Più passano i giorni più diventa difficile scrivere e continuo a procrastinare. Una riflessione dell’ultimo periodo ha riguardato la capacità di accorgermi quando parte il “frullino” (così l’ho soprannominato) dei pensieri in testa che mi proietta in un batter d’occhio nel rimuginio, persa tra passato e futuro. Fermarlo è impossibile, la funzione della mente è proprio quella di pensare. Ciò che posso fare e accorgermene e valorizzare l’ORA.
Hic et nunc
Sono qua proprio adesso a scrivere e provo a farlo, con il carico di dubbi e di fatica che comporta. Perché tantissime volte a bloccare le azioni e perpetuare il rimandare è proprio la paura di sbagliare, di mettersi in gioco, di sperimentare. Di fare qualcosa un po’ così, alla “leggera”, senza dover essere per forza perfetti e produrre chissà cosa.
Seguire il flusso
Questo è uno degli aspetti che più mi manca in questo periodo e che mi accorgo di quanto mi abbia fatto bene in passato. Il riuscire a farmi trasportare da quello che succede, sensazione spesso sperimentata in viaggio, quando abbandono la modalità programmazione/controllo e imposto il mio navigatore interno nello stato esploratore.

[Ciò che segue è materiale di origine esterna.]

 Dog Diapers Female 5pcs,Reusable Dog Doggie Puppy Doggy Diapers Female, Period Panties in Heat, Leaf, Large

Incontri che sono avvenuti perché dovevano accadere, visite e luoghi scoperti senza troppa pianificazione ma semplicemente affidandomi a ciò che man mano avveniva, prendere le decisioni un po’ alla volta, in base a ciò che succedeva. Tutto quello che normalmente mi spaventa, nel flusso mi affascina. E io sono lì che mi faccio trasportare, presente come non mai.
Tornata alla routine mi rendo conto di quanto sia difficile lasciarmi andare e affidarmi a qualcosa di più grande. Che non significa aspettare passivamente che le cose succedano ma coltivare un sano senso di fiducia nella vita, direzionandomi di volta in volta seguendo l’intuito e il battere del cuore. La questione è che basta davvero poco per seppellire la parte più vitale di me sotto strati di paure, giudizi, pensieri. Polvere che si deposita giorno dopo giorno senza quasi che me ne accorga, confondendo i desideri, offuscando le rotte, facendo vacillare di nuovo tutto. Diventa più semplice affidarsi a degli obiettivi, come se il senso del vivere fosse pianificare e raggiungere certi risultati. Come se fosse quella la chiave della felicità e della realizzazione (qualunque cosa voglia davvero dire).

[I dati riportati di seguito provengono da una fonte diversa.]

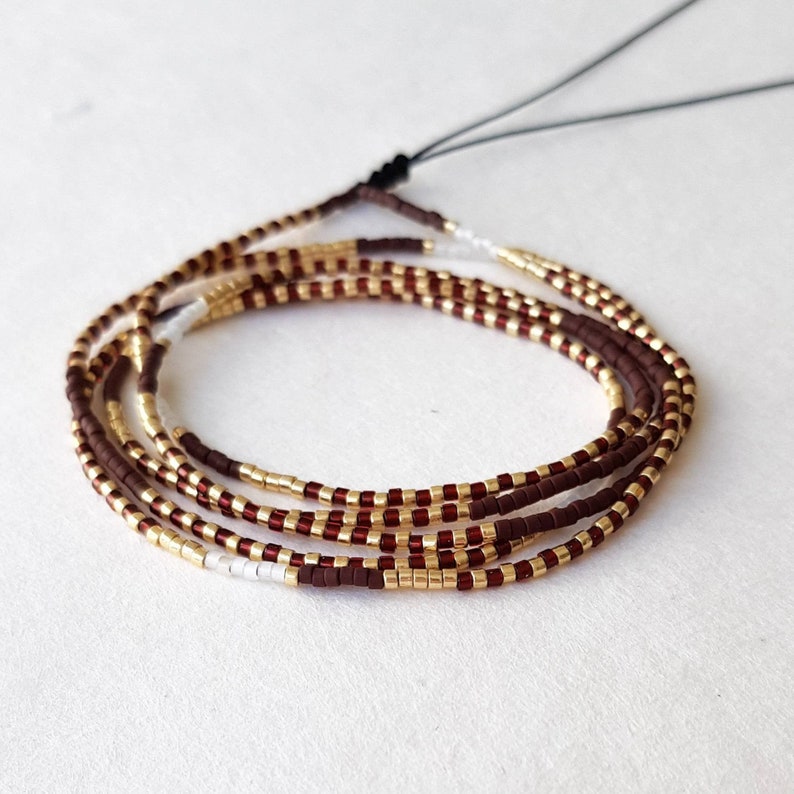 Dainty Cranberry Red Gold Tiny Seed Bead Multi Wrap Bracelet or Long Necklace Colorful Multicolor String Bracelet Gift for Her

Sono tornata da Zanzibar piena di energia, entusiasmo e buoni propositi e fare un bilancio oggi, dopo due mesi, mi sembra quasi deludente. Dov’è finito tutto? Cosa voglio fare? Il cuore ha smesso di nuovo di battere? Ma il fulcro è proprio questo: perché continuare a giudicare, confrontare e sentirmi da meno nel comparare di continuo la realtà con l’idealizzazione?
Vivere non è stare nella testa ma uscirne fuori, agire. Lasciare pure che la radio continui a trasmettere pensieri, ansie e paure ma sapere che possiamo comunque scegliere. Fare qualcosa di concreto e farlo prima di tutto per noi. Andare avanti anche se c’è paura, muoversi anche con il dubbio, accettare il rischio di cadere sapendo che possiamo sempre rialzarci.
“Lo straordinario è riuscire a vivere nell’ordinario”.
Così ho detto a un’amica qualche settimana fa riferendomi a quanto sia facile stare (apparentemente?) bene in viaggio o in situazioni nuove ma la vera sfida sia continuare a mantenere uno sguardo aperto e accogliente nel quotidiano. Cogliere la luce e lo straordinario in ciò che ci sembra di conoscere a menadito nei suoi schemi e nelle sue forme e che pare non emozionarci più. O brilli meno rispetto ad altri vissuti. Sempre perché abbiamo il bisogno di etichettare, catalogare, confrontare. Dare un senso e un significato a ogni cosa, che però nell’eccesso diventa dimenticarsi di vivere appieno quello che succede.
E così anche io a volte dimentico che quello sguardo stupito, bambino, meravigliato che portavo in giro per Zanzibar altro non è che il mio sguardo. Quello che ho qui, sempre con me ma che a volte sostituisco con le lenti dello sconforto, del pessimismo, della paura.
“Dovunque tu vada ci sei già” è il titolo del libro di Jon Kabat-Zinn che avevo portato con me in valigia.
Un titolo che dentro ha già tutto, proprio come noi.